BEGIN Given entries
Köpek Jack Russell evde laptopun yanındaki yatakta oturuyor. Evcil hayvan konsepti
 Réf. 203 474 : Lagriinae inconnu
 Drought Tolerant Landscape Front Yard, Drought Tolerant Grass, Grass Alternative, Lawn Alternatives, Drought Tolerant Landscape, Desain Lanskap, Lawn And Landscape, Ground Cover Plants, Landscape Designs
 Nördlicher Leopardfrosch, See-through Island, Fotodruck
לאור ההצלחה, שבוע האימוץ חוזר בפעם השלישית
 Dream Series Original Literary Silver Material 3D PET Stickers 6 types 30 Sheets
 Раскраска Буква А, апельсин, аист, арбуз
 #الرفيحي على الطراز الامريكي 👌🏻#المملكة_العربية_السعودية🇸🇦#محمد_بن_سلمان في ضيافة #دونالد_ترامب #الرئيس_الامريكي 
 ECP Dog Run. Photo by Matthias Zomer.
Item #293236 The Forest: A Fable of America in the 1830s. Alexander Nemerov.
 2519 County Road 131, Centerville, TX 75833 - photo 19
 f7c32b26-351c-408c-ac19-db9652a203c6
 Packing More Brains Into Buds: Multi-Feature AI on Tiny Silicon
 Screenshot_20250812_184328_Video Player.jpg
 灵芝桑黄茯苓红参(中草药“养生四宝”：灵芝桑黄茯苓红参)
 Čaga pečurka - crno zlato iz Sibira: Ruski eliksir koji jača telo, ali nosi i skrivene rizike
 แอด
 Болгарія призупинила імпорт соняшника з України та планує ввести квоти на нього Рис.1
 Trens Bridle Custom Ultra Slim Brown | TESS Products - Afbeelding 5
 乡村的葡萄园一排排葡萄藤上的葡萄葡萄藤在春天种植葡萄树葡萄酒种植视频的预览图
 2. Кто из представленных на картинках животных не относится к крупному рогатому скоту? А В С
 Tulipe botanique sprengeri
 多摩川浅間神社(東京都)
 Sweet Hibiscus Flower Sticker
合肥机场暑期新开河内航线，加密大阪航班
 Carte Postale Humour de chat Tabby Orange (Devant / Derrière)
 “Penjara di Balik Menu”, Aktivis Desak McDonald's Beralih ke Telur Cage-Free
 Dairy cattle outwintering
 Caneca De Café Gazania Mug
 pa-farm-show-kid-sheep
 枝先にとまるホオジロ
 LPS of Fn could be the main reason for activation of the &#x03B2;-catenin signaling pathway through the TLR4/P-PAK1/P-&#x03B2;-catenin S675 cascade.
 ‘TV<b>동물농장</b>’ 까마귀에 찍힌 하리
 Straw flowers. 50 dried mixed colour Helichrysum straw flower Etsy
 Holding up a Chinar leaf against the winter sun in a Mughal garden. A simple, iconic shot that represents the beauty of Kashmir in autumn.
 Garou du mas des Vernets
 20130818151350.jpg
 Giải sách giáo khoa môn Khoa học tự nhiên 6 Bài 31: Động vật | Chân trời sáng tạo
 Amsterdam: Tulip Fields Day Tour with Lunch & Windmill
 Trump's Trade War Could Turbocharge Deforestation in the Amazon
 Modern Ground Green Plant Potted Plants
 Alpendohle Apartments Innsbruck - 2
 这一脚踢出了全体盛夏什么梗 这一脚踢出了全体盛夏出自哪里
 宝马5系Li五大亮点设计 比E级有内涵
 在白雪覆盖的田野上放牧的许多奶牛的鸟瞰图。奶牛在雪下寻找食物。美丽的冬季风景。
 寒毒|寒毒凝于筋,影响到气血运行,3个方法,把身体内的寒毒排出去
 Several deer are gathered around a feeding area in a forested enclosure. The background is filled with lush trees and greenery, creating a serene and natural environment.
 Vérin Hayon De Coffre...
END Given entries
Return all of the lines above exactly, with none omitted.

- **Written reply**
Köpek Jack Russell evde laptopun yanındaki yatakta oturuyor. Evcil hayvan konsepti
 Réf. 203 474 : Lagriinae inconnu
 Drought Tolerant Landscape Front Yard, Drought Tolerant Grass, Grass Alternative, Lawn Alternatives, Drought Tolerant Landscape, Desain Lanskap, Lawn And Landscape, Ground Cover Plants, Landscape Designs
 Nördlicher Leopardfrosch, See-through Island, Fotodruck
לאור ההצלחה, שבוע האימוץ חוזר בפעם השלישית
 Dream Series Original Literary Silver Material 3D PET Stickers 6 types 30 Sheets
 Раскраска Буква А, апельсин, аист, арбуз
 #الرفيحي على الطراز الامريكي 👌🏻#المملكة_العربية_السعودية🇸🇦#محمد_بن_سلمان في ضيافة #دونالد_ترامب #الرئيس_الامريكي 
 ECP Dog Run. Photo by Matthias Zomer.
Item #293236 The Forest: A Fable of America in the 1830s. Alexander Nemerov.
 2519 County Road 131, Centerville, TX 75833 - photo 19
 f7c32b26-351c-408c-ac19-db9652a203c6
 Packing More Brains Into Buds: Multi-Feature AI on Tiny Silicon
 Screenshot_20250812_184328_Video Player.jpg
 灵芝桑黄茯苓红参(中草药“养生四宝”：灵芝桑黄茯苓红参)
 Čaga pečurka - crno zlato iz Sibira: Ruski eliksir koji jača telo, ali nosi i skrivene rizike
 แอด
 Болгарія призупинила імпорт соняшника з України та планує ввести квоти на нього Рис.1
 Trens Bridle Custom Ultra Slim Brown | TESS Products - Afbeelding 5
 乡村的葡萄园一排排葡萄藤上的葡萄葡萄藤在春天种植葡萄树葡萄酒种植视频的预览图
 2. Кто из представленных на картинках животных не относится к крупному рогатому скоту? А В С
 Tulipe botanique sprengeri
 多摩川浅間神社(東京都)
 Sweet Hibiscus Flower Sticker
合肥机场暑期新开河内航线，加密大阪航班
 Carte Postale Humour de chat Tabby Orange (Devant / Derrière)
 “Penjara di Balik Menu”, Aktivis Desak McDonald's Beralih ke Telur Cage-Free
 Dairy cattle outwintering
 Caneca De Café Gazania Mug
 pa-farm-show-kid-sheep
 枝先にとまるホオジロ
 LPS of Fn could be the main reason for activation of the &#x03B2;-catenin signaling pathway through the TLR4/P-PAK1/P-&#x03B2;-catenin S675 cascade.
 ‘TV<b>동물농장</b>’ 까마귀에 찍힌 하리
 Straw flowers. 50 dried mixed colour Helichrysum straw flower Etsy
 Holding up a Chinar leaf against the winter sun in a Mughal garden. A simple, iconic shot that represents the beauty of Kashmir in autumn.
 Garou du mas des Vernets
 20130818151350.jpg
 Giải sách giáo khoa môn Khoa học tự nhiên 6 Bài 31: Động vật | Chân trời sáng tạo
 Amsterdam: Tulip Fields Day Tour with Lunch & Windmill
 Trump's Trade War Could Turbocharge Deforestation in the Amazon
 Modern Ground Green Plant Potted Plants
 Alpendohle Apartments Innsbruck - 2
 这一脚踢出了全体盛夏什么梗 这一脚踢出了全体盛夏出自哪里
 宝马5系Li五大亮点设计 比E级有内涵
 在白雪覆盖的田野上放牧的许多奶牛的鸟瞰图。奶牛在雪下寻找食物。美丽的冬季风景。
 寒毒|寒毒凝于筋,影响到气血运行,3个方法,把身体内的寒毒排出去
 Several deer are gathered around a feeding area in a forested enclosure. The background is filled with lush trees and greenery, creating a serene and natural environment.
 Vérin Hayon De Coffre...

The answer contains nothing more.